Também o lado da mobilidade está a evoluir. É cada vez mais raro ver carteiros apeados, tirando no centro de Lisboa e Porto. A tendência é que todos venham a ter veículo, pelo que já está a ser implementada uma solução elétrica de fácil condução (três rodas), com capacidade de carga e que possa passar por todas as estradas das cidades. «Já existem câmaras municipais que impedem a circulação dos carros de combustão, pelo que estamos a fazer a eletrificação da nossa frota. A mobilidade urbana é uma das nossas maiores preocupações neste momento e, por isso, estamos a desenvolver com uma startup um veículo totalmente feito em Portugal e adaptado às nossas necessidades de logística urbana», refere Paulo Alexandre Silva, adiantando que os mesmos deverão ser colocados em circulação em Lisboa, Porto, Aveiro e Évora, entre setembro e outubro próximos.
Processo de otimização é para continuar
Mas o processo de otimização não fica por aqui e os CTT continuam a dar cartas em termos de inovação. É exemplo disso, a solução desenvolvida em Cabo Ruivo com recurso a AGV e braços robotizados, «o que já nos deu a conhecer nos EUA, através de artigos publicados, como uma empresa relevante da robotização do mundo postal», diz Paulo Alexandre Silva. «Apesar da nossa dimensão, ao nível da qualidade e serviço e da inovação tecnológica e de processos estamos a chegar ao pelotão da frente».
Nesta solução, as paletes são levadas por três AGV e colocadas por um braço robotizado no tapete. Quando a palete está vazia os AGV vão buscá-las e arrumá-las na zona de material vazio. O objetivo é automatizar atividades pesadas e atribuir aos funcionários tarefas de valor acrescentado.
Apesar das mudanças operacionais, é certo que a «queda está a ser muito acentuada» ao nível dos serviços postais, pelo que nos próximos dois anos e meio, em 2020, a empresa vai fazer um programa de transformação profunda das operações. «Vai passar por adaptar a nossa organização não só à realidade atual, mas à realidade dos próximos anos.
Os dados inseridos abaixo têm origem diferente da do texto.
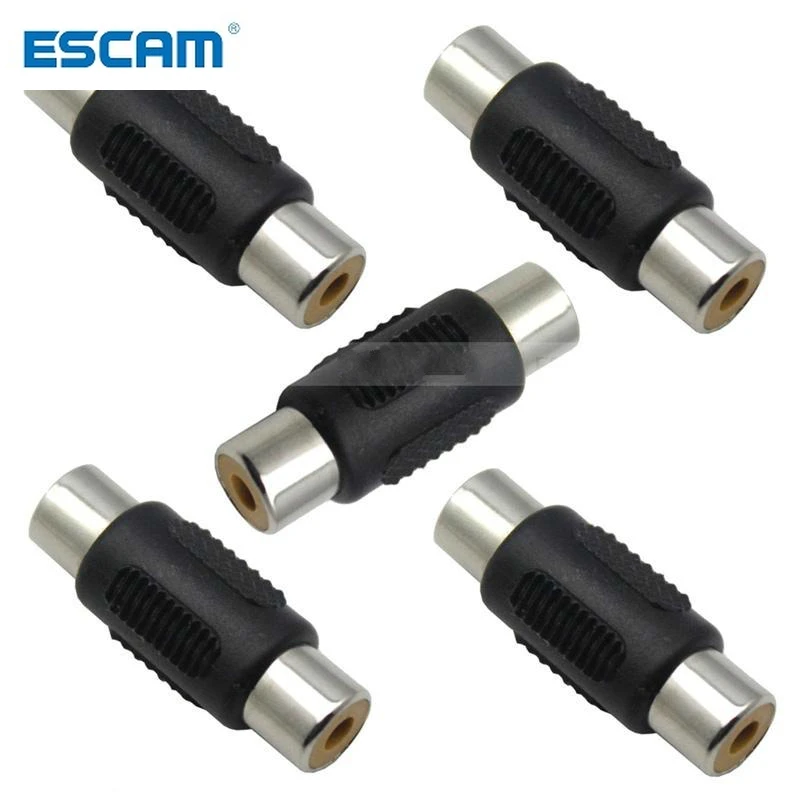 ESCAM 5PCS Female to Female RCA Coupler Connector Adapter Audio Video For CCTV Camera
Temos de ser bastante mais eficientes e competitivos, porque só reorganizando totalmente a forma como operacionalmente estamos organizados é que conseguimos chegar lá. Mantendo a capilaridade e indo às ruas dos portugueses todos os dias. É um desafio acrescido, mas é o que nos diferencia das outras organizações», conclui Paulo Alexandre Silva.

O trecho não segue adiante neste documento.